Description of the task:
Each line of the data below from the one holding "SYNA新款时尚刺绣梭织套装嘻哈街头美式潮牌透气运动长袖上衣长裤" to the one holding "Falierosarti ファリエロサルティ ストール", inclusive, is to be reproduced exactly; no other line belongs in the answer.

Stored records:
● ● ● ●

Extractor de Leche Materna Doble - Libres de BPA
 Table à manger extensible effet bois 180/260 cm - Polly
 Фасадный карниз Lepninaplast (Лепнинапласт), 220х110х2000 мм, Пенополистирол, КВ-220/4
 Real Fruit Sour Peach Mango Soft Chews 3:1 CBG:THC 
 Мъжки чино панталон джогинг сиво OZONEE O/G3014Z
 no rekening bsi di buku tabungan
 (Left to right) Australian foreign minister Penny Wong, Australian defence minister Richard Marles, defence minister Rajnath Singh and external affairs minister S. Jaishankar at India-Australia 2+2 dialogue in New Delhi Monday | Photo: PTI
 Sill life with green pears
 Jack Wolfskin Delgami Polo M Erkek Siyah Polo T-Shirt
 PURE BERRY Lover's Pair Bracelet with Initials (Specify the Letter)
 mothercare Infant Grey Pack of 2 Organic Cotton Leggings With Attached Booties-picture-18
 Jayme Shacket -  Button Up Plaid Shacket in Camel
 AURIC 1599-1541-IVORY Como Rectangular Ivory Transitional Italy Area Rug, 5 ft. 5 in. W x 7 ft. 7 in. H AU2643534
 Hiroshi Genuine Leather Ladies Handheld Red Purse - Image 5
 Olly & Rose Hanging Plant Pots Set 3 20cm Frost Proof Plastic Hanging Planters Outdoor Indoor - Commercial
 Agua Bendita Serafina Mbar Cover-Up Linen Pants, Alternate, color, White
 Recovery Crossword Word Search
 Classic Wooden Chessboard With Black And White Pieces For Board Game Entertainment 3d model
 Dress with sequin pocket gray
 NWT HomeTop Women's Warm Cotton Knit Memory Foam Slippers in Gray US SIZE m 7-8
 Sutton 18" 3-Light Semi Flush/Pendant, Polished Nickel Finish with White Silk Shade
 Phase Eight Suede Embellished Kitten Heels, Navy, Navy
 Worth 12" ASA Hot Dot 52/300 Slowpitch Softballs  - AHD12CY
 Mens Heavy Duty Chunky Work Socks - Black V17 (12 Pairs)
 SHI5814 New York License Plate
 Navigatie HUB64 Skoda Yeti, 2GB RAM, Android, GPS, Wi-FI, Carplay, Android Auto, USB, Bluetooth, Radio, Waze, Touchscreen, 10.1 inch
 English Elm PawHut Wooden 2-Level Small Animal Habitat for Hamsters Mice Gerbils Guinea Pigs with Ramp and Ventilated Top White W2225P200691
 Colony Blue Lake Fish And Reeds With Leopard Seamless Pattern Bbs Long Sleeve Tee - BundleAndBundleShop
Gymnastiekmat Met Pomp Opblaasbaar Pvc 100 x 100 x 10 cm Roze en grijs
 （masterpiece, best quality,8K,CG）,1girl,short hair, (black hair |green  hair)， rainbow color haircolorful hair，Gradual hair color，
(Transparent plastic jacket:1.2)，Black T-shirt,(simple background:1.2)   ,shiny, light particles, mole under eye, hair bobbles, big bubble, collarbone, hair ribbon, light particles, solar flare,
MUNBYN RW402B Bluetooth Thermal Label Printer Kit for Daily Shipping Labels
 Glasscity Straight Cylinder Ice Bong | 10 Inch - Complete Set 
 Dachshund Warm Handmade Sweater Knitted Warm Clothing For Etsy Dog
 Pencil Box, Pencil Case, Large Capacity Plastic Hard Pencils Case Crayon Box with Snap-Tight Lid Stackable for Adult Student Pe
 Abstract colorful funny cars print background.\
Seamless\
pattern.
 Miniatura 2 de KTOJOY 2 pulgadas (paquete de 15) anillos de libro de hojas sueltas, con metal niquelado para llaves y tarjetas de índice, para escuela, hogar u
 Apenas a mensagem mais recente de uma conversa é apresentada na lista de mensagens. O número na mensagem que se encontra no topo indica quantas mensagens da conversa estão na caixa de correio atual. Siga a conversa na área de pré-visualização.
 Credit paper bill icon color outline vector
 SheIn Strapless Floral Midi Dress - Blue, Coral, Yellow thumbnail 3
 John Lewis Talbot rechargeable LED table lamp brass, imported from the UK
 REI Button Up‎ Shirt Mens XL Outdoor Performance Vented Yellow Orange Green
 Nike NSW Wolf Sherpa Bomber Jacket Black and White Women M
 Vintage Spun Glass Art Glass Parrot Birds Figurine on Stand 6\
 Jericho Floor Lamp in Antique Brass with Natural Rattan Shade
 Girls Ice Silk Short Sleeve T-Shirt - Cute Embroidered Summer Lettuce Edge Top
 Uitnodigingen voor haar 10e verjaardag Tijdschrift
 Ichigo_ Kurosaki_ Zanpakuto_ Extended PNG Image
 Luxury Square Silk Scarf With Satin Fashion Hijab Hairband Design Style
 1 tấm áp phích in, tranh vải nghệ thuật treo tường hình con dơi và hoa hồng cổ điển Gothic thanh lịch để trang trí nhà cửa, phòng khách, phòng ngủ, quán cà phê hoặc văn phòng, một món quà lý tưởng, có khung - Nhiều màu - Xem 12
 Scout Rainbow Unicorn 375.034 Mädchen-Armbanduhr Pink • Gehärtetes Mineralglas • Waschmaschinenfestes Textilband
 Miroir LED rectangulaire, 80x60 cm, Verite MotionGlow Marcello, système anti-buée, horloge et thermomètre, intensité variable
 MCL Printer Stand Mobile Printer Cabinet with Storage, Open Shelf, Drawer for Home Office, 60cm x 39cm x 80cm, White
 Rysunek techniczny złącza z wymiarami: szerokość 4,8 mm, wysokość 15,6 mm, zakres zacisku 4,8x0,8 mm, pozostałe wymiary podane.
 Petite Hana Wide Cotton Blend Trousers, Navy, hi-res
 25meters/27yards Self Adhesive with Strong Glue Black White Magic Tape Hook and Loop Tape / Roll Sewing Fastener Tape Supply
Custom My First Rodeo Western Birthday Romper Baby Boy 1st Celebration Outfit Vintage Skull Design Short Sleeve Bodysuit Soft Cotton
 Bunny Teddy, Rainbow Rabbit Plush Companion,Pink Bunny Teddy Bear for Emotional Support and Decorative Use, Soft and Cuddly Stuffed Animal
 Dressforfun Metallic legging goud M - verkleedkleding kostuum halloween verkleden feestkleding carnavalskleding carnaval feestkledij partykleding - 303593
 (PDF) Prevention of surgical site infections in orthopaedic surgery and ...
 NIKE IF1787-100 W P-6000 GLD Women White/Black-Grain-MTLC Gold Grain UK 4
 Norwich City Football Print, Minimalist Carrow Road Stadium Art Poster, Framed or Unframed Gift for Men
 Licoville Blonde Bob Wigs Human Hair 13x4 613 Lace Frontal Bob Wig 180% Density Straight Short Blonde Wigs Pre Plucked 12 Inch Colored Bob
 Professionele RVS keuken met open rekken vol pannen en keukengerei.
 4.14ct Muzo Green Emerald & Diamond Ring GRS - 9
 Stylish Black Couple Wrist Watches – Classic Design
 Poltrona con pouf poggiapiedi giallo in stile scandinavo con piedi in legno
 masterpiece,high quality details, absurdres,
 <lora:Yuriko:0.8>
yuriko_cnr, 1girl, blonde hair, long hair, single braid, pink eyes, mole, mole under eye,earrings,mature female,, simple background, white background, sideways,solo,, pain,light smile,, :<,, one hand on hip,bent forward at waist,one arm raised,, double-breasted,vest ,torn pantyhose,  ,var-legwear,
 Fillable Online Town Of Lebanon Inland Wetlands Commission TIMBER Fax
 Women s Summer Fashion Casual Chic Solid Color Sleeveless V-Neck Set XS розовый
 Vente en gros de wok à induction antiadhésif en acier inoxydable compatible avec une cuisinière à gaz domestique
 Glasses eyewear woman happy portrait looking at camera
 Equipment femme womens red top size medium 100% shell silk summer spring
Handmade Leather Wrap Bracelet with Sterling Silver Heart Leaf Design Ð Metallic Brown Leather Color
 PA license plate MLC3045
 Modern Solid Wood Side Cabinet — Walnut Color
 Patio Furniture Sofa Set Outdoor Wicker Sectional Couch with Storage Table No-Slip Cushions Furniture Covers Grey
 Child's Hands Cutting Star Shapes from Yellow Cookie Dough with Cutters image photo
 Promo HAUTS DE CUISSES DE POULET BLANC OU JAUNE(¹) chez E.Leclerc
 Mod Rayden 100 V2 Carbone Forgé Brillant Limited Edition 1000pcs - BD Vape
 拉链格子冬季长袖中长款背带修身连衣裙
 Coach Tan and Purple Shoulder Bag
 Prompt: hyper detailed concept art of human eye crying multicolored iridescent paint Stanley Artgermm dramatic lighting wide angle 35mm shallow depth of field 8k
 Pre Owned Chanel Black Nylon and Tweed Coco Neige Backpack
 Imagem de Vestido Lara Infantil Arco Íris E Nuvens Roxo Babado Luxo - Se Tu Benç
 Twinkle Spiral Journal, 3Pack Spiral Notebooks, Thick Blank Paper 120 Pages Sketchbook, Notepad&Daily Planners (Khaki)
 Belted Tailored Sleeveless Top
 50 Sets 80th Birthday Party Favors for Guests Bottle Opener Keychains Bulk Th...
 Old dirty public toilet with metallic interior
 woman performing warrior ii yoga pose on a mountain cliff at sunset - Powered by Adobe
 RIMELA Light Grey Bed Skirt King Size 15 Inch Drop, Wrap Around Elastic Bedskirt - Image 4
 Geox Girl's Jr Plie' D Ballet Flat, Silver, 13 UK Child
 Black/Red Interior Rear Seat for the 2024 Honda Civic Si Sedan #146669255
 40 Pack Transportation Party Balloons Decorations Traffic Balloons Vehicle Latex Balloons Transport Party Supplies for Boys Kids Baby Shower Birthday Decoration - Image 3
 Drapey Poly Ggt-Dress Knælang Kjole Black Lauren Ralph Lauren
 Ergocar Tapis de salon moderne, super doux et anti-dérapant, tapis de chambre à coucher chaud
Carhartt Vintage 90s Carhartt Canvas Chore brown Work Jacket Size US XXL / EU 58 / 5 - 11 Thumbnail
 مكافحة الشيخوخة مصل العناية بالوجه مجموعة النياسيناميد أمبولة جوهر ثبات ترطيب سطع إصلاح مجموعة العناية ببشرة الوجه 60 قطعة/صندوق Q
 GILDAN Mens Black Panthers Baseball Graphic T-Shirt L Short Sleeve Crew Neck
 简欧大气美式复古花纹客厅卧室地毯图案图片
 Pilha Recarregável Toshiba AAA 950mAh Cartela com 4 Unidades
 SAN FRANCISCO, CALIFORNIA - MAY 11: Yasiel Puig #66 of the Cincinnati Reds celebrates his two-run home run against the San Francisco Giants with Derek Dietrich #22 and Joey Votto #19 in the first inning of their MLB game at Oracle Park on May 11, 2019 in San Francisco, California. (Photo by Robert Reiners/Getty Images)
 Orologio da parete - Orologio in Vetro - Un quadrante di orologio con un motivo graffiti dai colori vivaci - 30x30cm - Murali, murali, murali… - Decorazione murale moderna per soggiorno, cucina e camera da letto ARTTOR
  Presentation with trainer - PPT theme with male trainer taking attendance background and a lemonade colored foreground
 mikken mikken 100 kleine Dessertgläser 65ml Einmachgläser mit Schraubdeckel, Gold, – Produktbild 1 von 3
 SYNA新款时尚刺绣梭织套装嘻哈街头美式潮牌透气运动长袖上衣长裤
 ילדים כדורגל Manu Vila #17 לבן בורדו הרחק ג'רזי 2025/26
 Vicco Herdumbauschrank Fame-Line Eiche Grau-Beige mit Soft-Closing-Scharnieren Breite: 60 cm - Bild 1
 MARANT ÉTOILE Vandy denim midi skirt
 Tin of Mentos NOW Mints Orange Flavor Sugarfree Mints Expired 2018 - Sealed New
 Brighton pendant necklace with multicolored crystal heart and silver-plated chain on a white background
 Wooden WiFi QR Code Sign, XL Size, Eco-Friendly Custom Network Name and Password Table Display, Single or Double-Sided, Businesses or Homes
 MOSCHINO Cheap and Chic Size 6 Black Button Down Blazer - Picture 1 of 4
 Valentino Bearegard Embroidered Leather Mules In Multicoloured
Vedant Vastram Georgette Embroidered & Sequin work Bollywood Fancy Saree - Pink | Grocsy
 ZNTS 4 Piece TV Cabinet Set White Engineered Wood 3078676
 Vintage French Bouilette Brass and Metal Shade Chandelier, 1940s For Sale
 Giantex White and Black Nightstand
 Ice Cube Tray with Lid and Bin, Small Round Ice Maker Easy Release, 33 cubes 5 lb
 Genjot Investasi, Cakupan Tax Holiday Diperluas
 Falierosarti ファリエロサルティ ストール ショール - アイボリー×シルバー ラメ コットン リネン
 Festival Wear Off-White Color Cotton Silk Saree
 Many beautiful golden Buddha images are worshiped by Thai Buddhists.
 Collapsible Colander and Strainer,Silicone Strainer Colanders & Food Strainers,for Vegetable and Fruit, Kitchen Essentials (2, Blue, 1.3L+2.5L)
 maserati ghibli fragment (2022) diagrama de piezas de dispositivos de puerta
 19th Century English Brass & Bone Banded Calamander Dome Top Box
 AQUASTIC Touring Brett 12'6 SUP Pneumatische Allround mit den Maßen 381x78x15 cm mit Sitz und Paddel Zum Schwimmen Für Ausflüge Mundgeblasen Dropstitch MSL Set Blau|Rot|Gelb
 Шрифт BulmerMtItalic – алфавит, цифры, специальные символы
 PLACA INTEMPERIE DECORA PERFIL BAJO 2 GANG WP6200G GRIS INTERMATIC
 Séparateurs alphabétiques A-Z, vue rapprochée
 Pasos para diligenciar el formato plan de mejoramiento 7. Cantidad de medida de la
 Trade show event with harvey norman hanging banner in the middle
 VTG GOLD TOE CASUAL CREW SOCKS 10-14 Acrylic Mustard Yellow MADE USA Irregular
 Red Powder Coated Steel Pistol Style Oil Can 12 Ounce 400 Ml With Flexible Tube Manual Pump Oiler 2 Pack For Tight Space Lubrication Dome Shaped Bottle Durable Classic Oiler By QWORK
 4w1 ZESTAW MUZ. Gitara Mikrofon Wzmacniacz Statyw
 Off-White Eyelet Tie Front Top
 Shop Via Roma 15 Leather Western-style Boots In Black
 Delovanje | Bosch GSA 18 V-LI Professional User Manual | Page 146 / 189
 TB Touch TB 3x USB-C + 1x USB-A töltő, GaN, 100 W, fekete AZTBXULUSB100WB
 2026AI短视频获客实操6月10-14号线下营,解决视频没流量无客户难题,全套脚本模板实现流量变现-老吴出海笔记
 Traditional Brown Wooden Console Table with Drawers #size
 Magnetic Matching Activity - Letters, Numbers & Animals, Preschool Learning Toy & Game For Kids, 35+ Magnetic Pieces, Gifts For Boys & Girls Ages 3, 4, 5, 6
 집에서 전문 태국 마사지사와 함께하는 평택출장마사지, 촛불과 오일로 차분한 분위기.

● ● ● ●

Exercise output:
 SYNA新款时尚刺绣梭织套装嘻哈街头美式潮牌透气运动长袖上衣长裤
 ילדים כדורגל Manu Vila #17 לבן בורדו הרחק ג'רזי 2025/26
 Vicco Herdumbauschrank Fame-Line Eiche Grau-Beige mit Soft-Closing-Scharnieren Breite: 60 cm - Bild 1
 MARANT ÉTOILE Vandy denim midi skirt
 Tin of Mentos NOW Mints Orange Flavor Sugarfree Mints Expired 2018 - Sealed New
 Brighton pendant necklace with multicolored crystal heart and silver-plated chain on a white background
 Wooden WiFi QR Code Sign, XL Size, Eco-Friendly Custom Network Name and Password Table Display, Single or Double-Sided, Businesses or Homes
 MOSCHINO Cheap and Chic Size 6 Black Button Down Blazer - Picture 1 of 4
 Valentino Bearegard Embroidered Leather Mules In Multicoloured
Vedant Vastram Georgette Embroidered & Sequin work Bollywood Fancy Saree - Pink | Grocsy
 ZNTS 4 Piece TV Cabinet Set White Engineered Wood 3078676
 Vintage French Bouilette Brass and Metal Shade Chandelier, 1940s For Sale
 Giantex White and Black Nightstand
 Ice Cube Tray with Lid and Bin, Small Round Ice Maker Easy Release, 33 cubes 5 lb
 Genjot Investasi, Cakupan Tax Holiday Diperluas
 Falierosarti ファリエロサルティ ストール ショール - アイボリー×シルバー ラメ コットン リネン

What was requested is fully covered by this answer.